When I go in and look at some company's AD, I specifically ask for an ID that has no ability to modify things, I simply want to see. I don't want to have any possibility of changing anything except my password. Normally user and Exchange view is all I need to do my job. It scares me how fast some companies will give people admin rights when someone walks through the door. I have several MCS friends who got quite chapped with me beating on them for several years when they were in the environment I controlled because they had normal user access and that was about it. They need replication metadata in 2K, do they get an admin ID? Nope, I set up a perl cgi script and they hit a website that got the data for them. No reason was ever good enough for them to have admin rights. At best they could sit next to someone with those rights. Anyway, they were always quite pissy about that. Then after a couple of years of daily onsite work and dealing with me they finished their work with us and went to other places. They actually had fear for how much power they were given when they walked in the door (here you go, you must know AD, have enterprise admin!) and realized how safe my environment was compared to the others they work with now. If a company gives out access that quickly... They don't really have change control no matter how much they want to think so and how many processes they have around it.

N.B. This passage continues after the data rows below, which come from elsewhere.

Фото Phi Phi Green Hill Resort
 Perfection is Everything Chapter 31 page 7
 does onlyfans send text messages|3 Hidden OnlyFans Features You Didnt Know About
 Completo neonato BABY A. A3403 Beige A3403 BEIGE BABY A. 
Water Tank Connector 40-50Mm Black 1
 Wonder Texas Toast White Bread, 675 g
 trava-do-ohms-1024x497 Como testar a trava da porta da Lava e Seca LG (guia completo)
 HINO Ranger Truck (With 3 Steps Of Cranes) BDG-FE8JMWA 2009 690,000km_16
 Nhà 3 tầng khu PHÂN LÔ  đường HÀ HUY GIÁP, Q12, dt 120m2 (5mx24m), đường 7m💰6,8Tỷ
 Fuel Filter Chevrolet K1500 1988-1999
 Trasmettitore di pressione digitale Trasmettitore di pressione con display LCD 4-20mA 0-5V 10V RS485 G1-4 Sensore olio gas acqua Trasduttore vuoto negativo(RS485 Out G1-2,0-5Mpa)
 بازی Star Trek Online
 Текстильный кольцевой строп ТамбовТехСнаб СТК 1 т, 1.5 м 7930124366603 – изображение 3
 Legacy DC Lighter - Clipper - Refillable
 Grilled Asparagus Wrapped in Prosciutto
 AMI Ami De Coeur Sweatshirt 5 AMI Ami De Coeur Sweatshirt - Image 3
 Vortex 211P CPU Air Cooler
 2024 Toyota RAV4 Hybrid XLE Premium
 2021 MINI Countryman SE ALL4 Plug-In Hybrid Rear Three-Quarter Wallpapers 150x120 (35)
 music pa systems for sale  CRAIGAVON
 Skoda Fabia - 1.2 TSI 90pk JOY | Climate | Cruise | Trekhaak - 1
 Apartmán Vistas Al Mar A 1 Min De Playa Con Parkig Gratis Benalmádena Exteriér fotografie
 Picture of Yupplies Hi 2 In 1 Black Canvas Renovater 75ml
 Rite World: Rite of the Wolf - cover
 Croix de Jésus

Basically you as an admin need to sit down and look at the points where you have dangerous processes and you make them as non-dangerous as possible. Generically, if you have any processes where you manually update the directory with an ID that has add/delete capabilities and you are using the GUI, you have a dangerous process that needs to be reworked. You can't rework them all in an instant so you take time, maybe even months or years going through and fixing those processes. Do it in baby steps, first scripts, then automated systems. Focus on the things that you do a lot first and then go to the things you do less. If you can't script, learn. You aren't an admin if you can't script, you are a button pusher that can and possibly should be replaced. If you have admins logging into their workstations with their admin IDs, smack them. If they are logging into servers (real server not TS) to do work that can be done remotely from the workstations, smack them. If they use IE/OE on a server (real server not a TS), smack them. If they have someone come to them and complain about an ID that runs a service and it is a pain to change the password so the first thing they think of is to set the ID to be non-expiring, smack them and then fire them.

  joe

 

-----Original Message-----
From: [EMAIL PROTECTED] [
mailto:[EMAIL PROTECTED]] On Behalf Of Aramide Adebanjo
Sent: Thursday, February 17, 2005 3:12 AM
To: ActiveDir@mail.activedir.org
Subject: RE: [ActiveDir] HELP!!! Undelete required

Hi guys,

I have resolved the issue..it could have been worse however but the group deleted was a distribution group. The painful fact was that it wasone that had 700 member users and I did not know howi could repopulate that fast. However I had done a csvde export just the day beforeand I ran iquery to get all users with the required attribute.
Simply put, I recreated the distribution group again. I just pasted all the members into a text file with all usenames seperated by a semicolon and then pasted them all into the new group. The names were all resolved.

My fear is this; what if it was a user or a security group that was mistakenly deleted. Micorsosft shld have a solution that enables u undelete..like a Cntrl Z.mistakes can be made by anyone...a mouse slip etc...no one is perfect.

Thx all...

A restore is one option I don't ever want to take in a production environment.!!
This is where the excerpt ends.